Identifying the Key Levers and Moving the Needle

Mark Davis, Principal, Deloitte Consulting LLP
John La Bouff, Senior Manager, Deloitte Consulting LLP

For the semiconductor industry, the ability to achieve business goals corresponds to constant focus on new products. This is, after all, an industry that has made an art of monetizing the "learning curve." But the relentless pace of product innovation creates enormous pressure to manage the development pipeline with speed and rigor. In the end, the new product portfolio must generate compelling value and continue to fund an increasingly costly development process. Is your company adeptly managing all the moving parts of the development machine, and is it accurately measuring the performance factors needed to achieve financial growth?

As the costs of bringing new products to market continue to grow exponentially, semiconductor companies are finding they need to shift to a new performance curve to innovate, grow, and increase revenue and earnings.

Figure 1. Increasing Costs of Semiconductor Product Development

Source: Synopsys, 2008

Based on Deloitte's work and recent benchmarks, we have identified key drivers and improvement actions that are the primary levers of overall "return on development" (RoD). RoD is a metric that allows companies to track their performance over time and measure it against other companies. Pull these levers correctly for your specific business situation and you stand a greater chance of reaping the rewards of new product development.

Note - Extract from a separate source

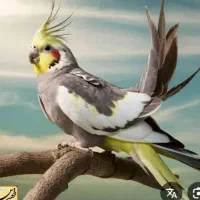عروس هلندی گمشده محدوده نبوت یازده متری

Armed with a solid understanding of how to address the components of RoD, these key factors of product development—engineering effectiveness, portfolio optimization and time-to-market—all converge in a stage-gate framework that sustains the focus on project performance, enables informed decision making and drives accountability for delivering "big picture" results.

Product Development and the Importance of Margin Pools

Product development aims to exploit candidate market areas that represent attractive margin pools—areas of customer demand that seem to command a desirable premium over the cost of accessing them.

Margin pools are a function of market size and the gap between the prevailing price and the cost to service the demand. In the semiconductor industry, technology's constant learning curve steadily opens up new margin pools, both by increasing the gap between price and cost, and by introducing new features and capabilities which widen and deepen the market's appetite. Advances in low-power computing and 3-D graphics are a prime example. The smartphone boom accelerated when the power of handheld devices passed a tipping point, expanding into a wider, mainstream audience and exploiting consumer features along with the business capabilities—notably e-mail—of prior generations.

At the same time, the cost of defining, designing and delivering products to tap into those margin pools is increasing. The exponential increase in development cost previously described continues through 40 nanometers and beyond, yet at the same time the unavoidable uncertainty about "if, when and how big" pervades the entire go-to-market process. Ultimately, though, the bets placed in product development must fund the whole enterprise. The overall gross margin pool (money left over after the cost of the goods is accounted for) must pay for the rest of operations, selling and administration, and sustain ongoing development efforts that will produce future generations.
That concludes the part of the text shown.